Fact Check

Do These Photos Show the Effects of Extreme Hot Weather?

Extreme heat waves are not to be taken lightly, even if many photographs purporting to show their effects are unrelated.

Published June 27, 2021

A collection of photographs shows objects melting due to extremely hot weather.

For several years, it seems, every extreme heat wave in the U.S. has prompted the circulation of photographs purportedly demonstrating the effects of intense hot weather, images picturing melted objects such as automobiles, tires, trash receptacles, ceiling fans, and street signs:

However, most of the photographs included in such collections are several years old and actually capture the results of fires or weather phenomena other than extreme heat. Take, for example, the following picture of a fence that supposedly melted under the hot sun:

This image was included in a 2017 BuzzFeed article about the effects of an extreme heat wave in the Southwest U.S. but was subsequently removed and replaced with a correction noting that "This post previously included a photo of a fence that melted due to a fire, not the heat wave."

Pictures of "melting tires" are popular during extreme weather events:

What such photographs typically capture, though, is not heat damage to tires themselves but the effects of driving on roadways that have been recently resurfaced and/or have semi-liquified during hot weather, coating the wheels with a sticky mess.

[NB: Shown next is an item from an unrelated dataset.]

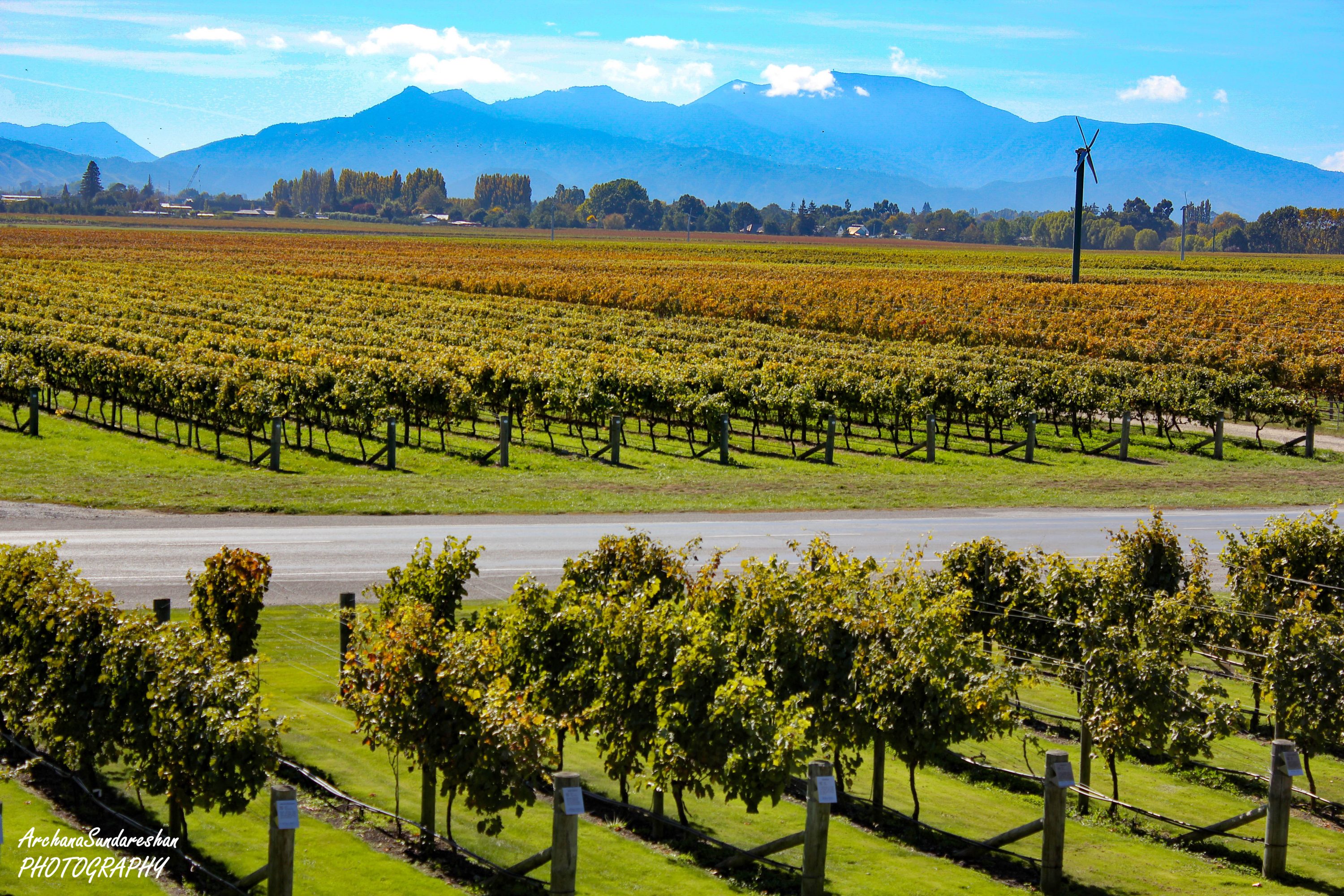 Marlborough Wine Valley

Another much-circulated photograph appears to show a street sign whose lettering is seemingly dripping from being melted away:

But this picture, which also circulated during the 2017 Southwest heat wave, was reported as being due to several environmental factors, not just a single heat wave:

According to Monica Hernandez, spokesperson for the Phoenix Street Transportation department, the sign deterioration could be linked to a wide-range of elements they are subjected to over time -- including weather, dust, and, yes, sun exposure.

Consider this photograph of a melted waste bin of the type typically used for the collection of recyclables:

These kinds of receptacles are generally made of a form of rigid and thick polyethylene, a substance whose melting point is around 250° Fahrenheit -- far too high to be triggered by exposure to sun-warmed air alone. The damage pattern seen here suggests a fire was started at the bottom of the bin, or the bin was sitting adjacent to something that was burning around ground level.

Another much-traveled image shows a traffic light that looks to have melted from hot weather:

One would wonder, naturally, why extreme weather would have melted a traffic signal but left another one adjacent to it apparently undamaged. That's because this picture appears to stem from a motorist in Kuwait's slamming into a traffic signal pole, with the resulting fire melting the signal directly above the burning vehicle:


The following photograph may be a genuine example of extreme heat effects, but this phenomenon sometimes occurs when people situate indoor ceiling fans in outdoor environments that expose them to levels of heat and humidity they were not intended to withstand:

Although not all of these photographs demonstrate the deleterious effects of hot weather, heat waves that bring prolonged high temperatures certainly pose very real dangers to humans and other animals, and they can indeed severely damage some types of inanimate objects exposed to heat and direct sunlight for too long. Everyone is advised to follow standard protocols for preparing and staying well during severe-weather events.